╔══

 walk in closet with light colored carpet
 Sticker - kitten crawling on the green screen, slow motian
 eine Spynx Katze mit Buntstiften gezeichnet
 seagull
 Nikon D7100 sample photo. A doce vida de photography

╚══
╔══

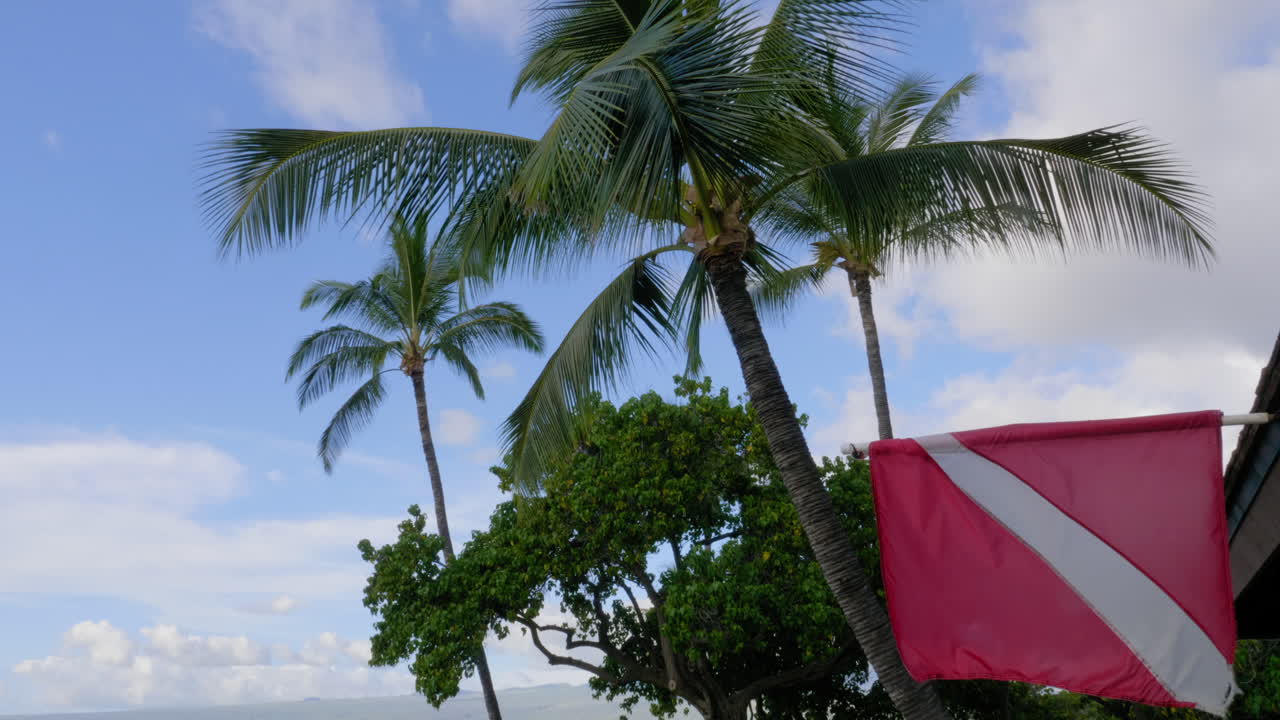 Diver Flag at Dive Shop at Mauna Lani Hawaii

╚══
╔══

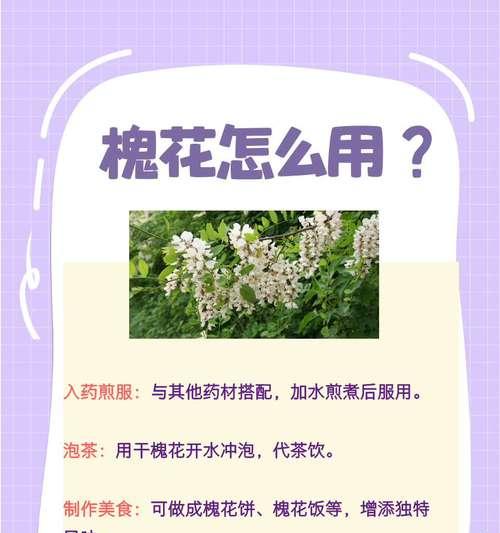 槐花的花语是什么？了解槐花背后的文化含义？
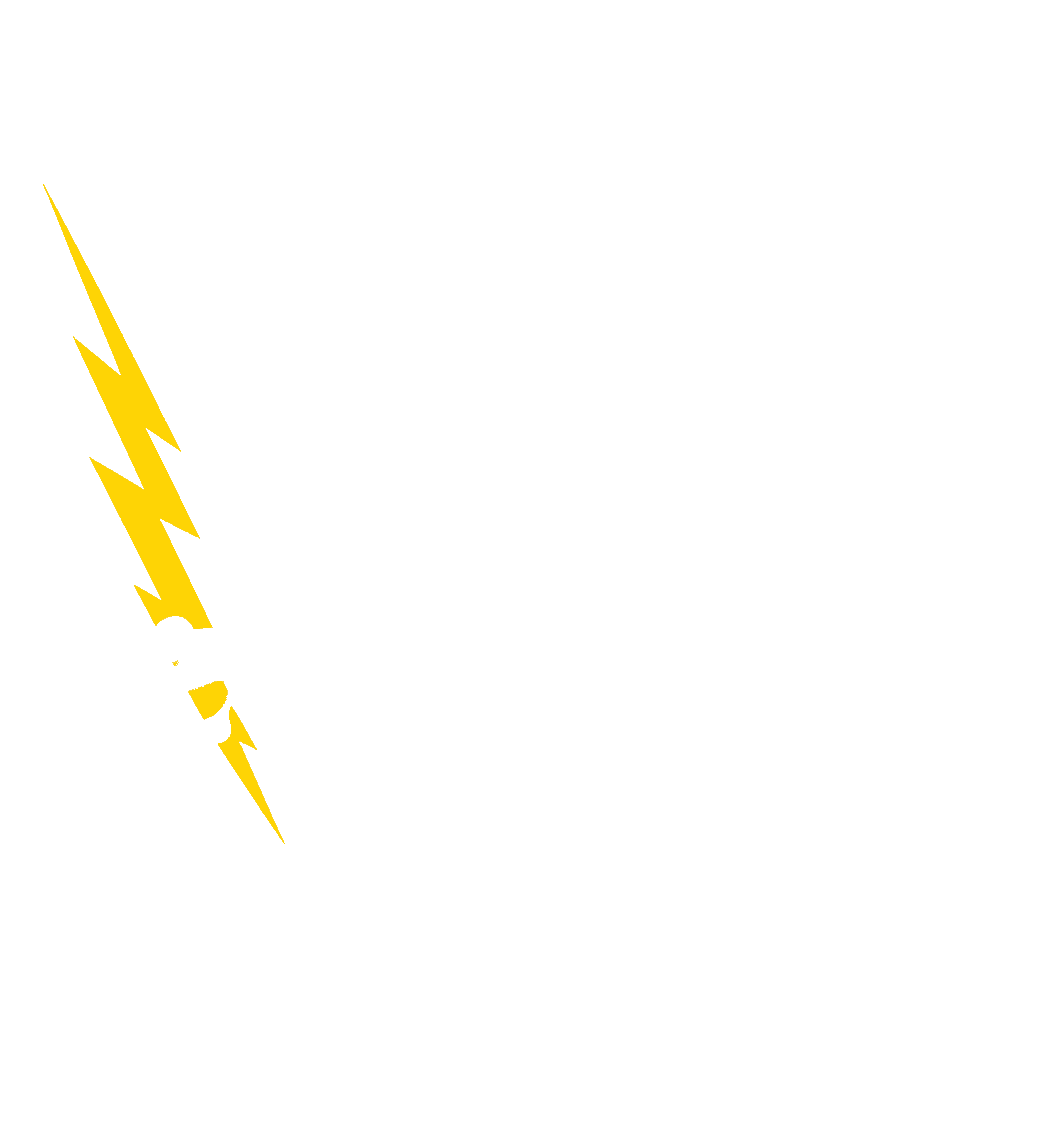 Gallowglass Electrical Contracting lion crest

╚══

What to do:
In the entries above, find the line with "eine Spynx Katze mit Buntstiften gezeichnet" and the line with "Nikon D7100 sample", then restate word for word both of them and every line between, with nothing more.

Answer box:
 eine Spynx Katze mit Buntstiften gezeichnet
 seagull
 Nikon D7100 sample photo. A doce vida de photography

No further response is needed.